* [DATA EXCERPT]
++++++++

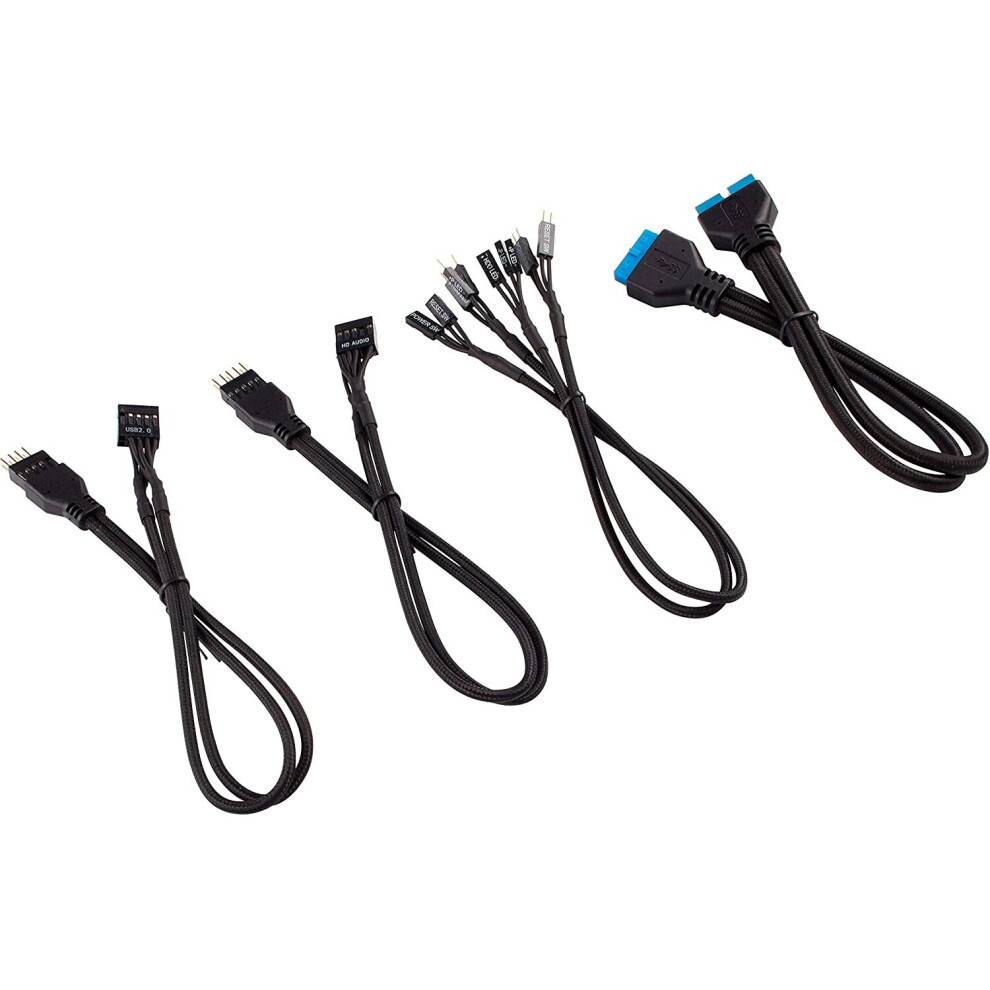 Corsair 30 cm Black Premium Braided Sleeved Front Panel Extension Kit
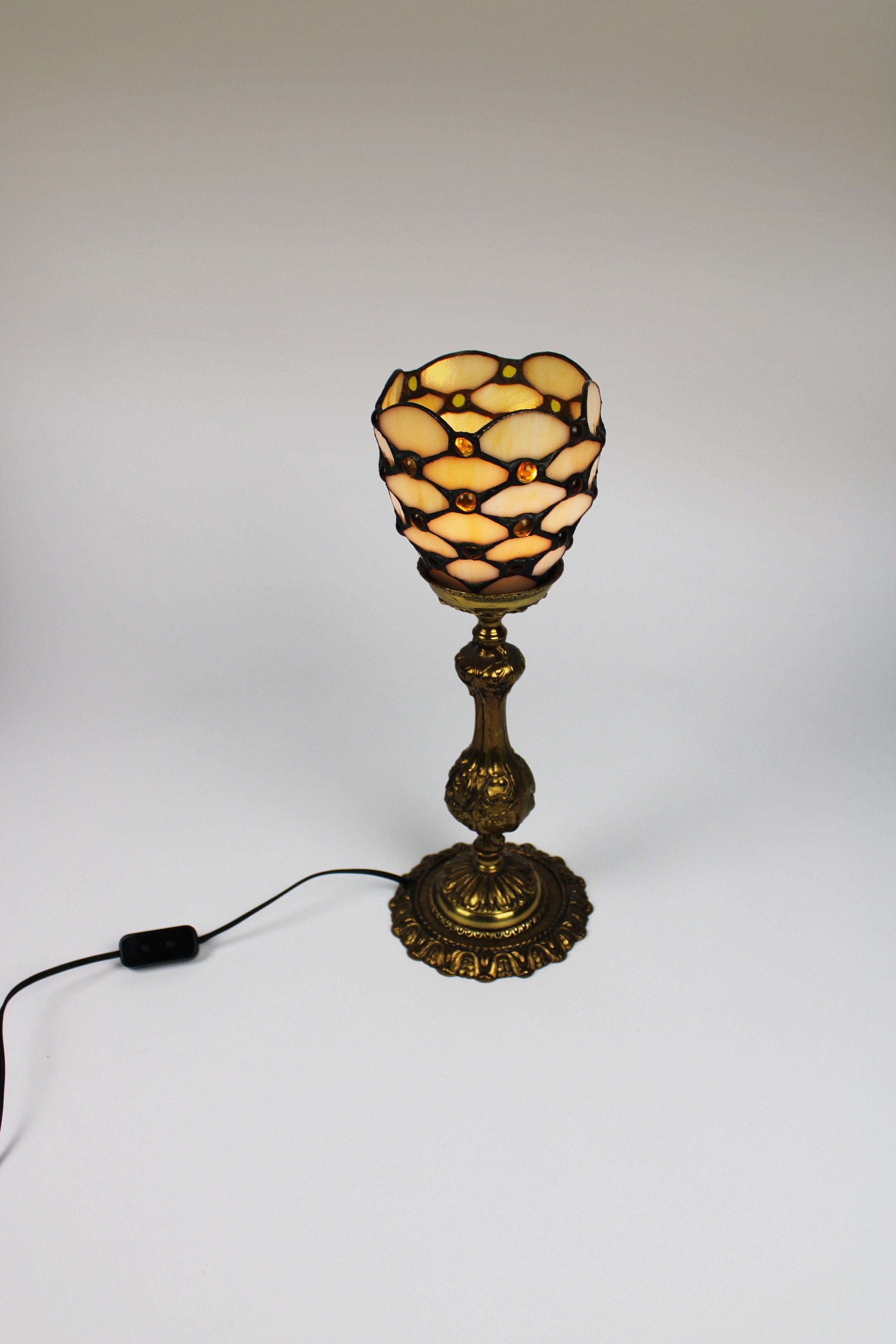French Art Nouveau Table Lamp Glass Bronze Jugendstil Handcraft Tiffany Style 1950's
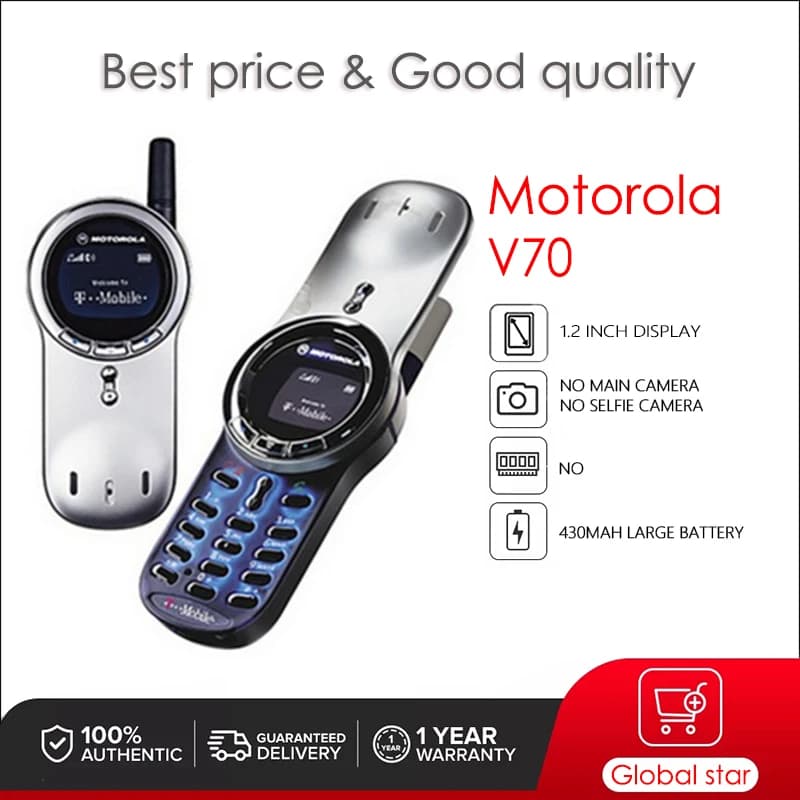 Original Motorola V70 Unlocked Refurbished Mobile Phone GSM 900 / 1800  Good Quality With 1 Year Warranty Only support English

++++++++

* [INSTRUCTIONS FOR THE TASK] Everything in the data except the pictures should be restated word for word.

* [ANSWER FOR THIS EXERCISE]
 Corsair 30 cm Black Premium Braided Sleeved Front Panel Extension Kit
French Art Nouveau Table Lamp Glass Bronze Jugendstil Handcraft Tiffany Style 1950's
 Original Motorola V70 Unlocked Refurbished Mobile Phone GSM 900 / 1800  Good Quality With 1 Year Warranty Only support English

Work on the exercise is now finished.